WHAT TO PRODUCE: Return only these lines, exactly: the one containing "Beginner Snow Skiing Course" and every line after it in the listing.

DATA PROVIDED:
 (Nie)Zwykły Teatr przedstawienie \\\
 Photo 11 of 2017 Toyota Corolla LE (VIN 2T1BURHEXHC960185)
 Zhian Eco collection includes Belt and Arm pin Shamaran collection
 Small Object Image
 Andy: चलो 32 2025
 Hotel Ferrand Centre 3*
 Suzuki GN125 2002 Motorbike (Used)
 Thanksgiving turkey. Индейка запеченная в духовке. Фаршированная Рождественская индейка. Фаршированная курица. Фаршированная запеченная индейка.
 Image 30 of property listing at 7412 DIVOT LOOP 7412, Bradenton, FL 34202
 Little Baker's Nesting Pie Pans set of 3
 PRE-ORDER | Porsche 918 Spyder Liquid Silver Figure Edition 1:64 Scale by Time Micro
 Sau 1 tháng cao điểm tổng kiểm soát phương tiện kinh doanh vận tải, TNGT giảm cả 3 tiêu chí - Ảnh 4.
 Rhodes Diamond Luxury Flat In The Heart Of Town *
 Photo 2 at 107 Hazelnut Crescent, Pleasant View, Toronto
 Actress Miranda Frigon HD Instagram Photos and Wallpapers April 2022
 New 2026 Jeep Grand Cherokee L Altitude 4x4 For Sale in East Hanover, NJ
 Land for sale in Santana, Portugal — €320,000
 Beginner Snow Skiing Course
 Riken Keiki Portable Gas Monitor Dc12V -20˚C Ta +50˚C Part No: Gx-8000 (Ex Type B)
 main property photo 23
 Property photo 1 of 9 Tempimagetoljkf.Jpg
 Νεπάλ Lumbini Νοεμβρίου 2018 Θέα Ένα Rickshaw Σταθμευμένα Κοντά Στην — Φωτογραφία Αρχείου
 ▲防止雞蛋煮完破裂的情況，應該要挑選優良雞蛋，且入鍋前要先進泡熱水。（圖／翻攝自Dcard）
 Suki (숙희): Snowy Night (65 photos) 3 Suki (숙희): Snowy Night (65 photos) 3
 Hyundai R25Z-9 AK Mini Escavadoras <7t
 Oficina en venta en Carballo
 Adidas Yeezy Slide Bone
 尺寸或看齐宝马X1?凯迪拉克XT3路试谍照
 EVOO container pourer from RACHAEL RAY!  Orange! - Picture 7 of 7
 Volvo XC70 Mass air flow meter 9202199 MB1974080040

OUTPUT BELOW:
 Beginner Snow Skiing Course
 Riken Keiki Portable Gas Monitor Dc12V -20˚C Ta +50˚C Part No: Gx-8000 (Ex Type B)
 main property photo 23
 Property photo 1 of 9 Tempimagetoljkf.Jpg
 Νεπάλ Lumbini Νοεμβρίου 2018 Θέα Ένα Rickshaw Σταθμευμένα Κοντά Στην — Φωτογραφία Αρχείου
 ▲防止雞蛋煮完破裂的情況，應該要挑選優良雞蛋，且入鍋前要先進泡熱水。（圖／翻攝自Dcard）
 Suki (숙희): Snowy Night (65 photos) 3 Suki (숙희): Snowy Night (65 photos) 3
 Hyundai R25Z-9 AK Mini Escavadoras <7t
 Oficina en venta en Carballo
 Adidas Yeezy Slide Bone
 尺寸或看齐宝马X1?凯迪拉克XT3路试谍照
 EVOO container pourer from RACHAEL RAY!  Orange! - Picture 7 of 7
 Volvo XC70 Mass air flow meter 9202199 MB1974080040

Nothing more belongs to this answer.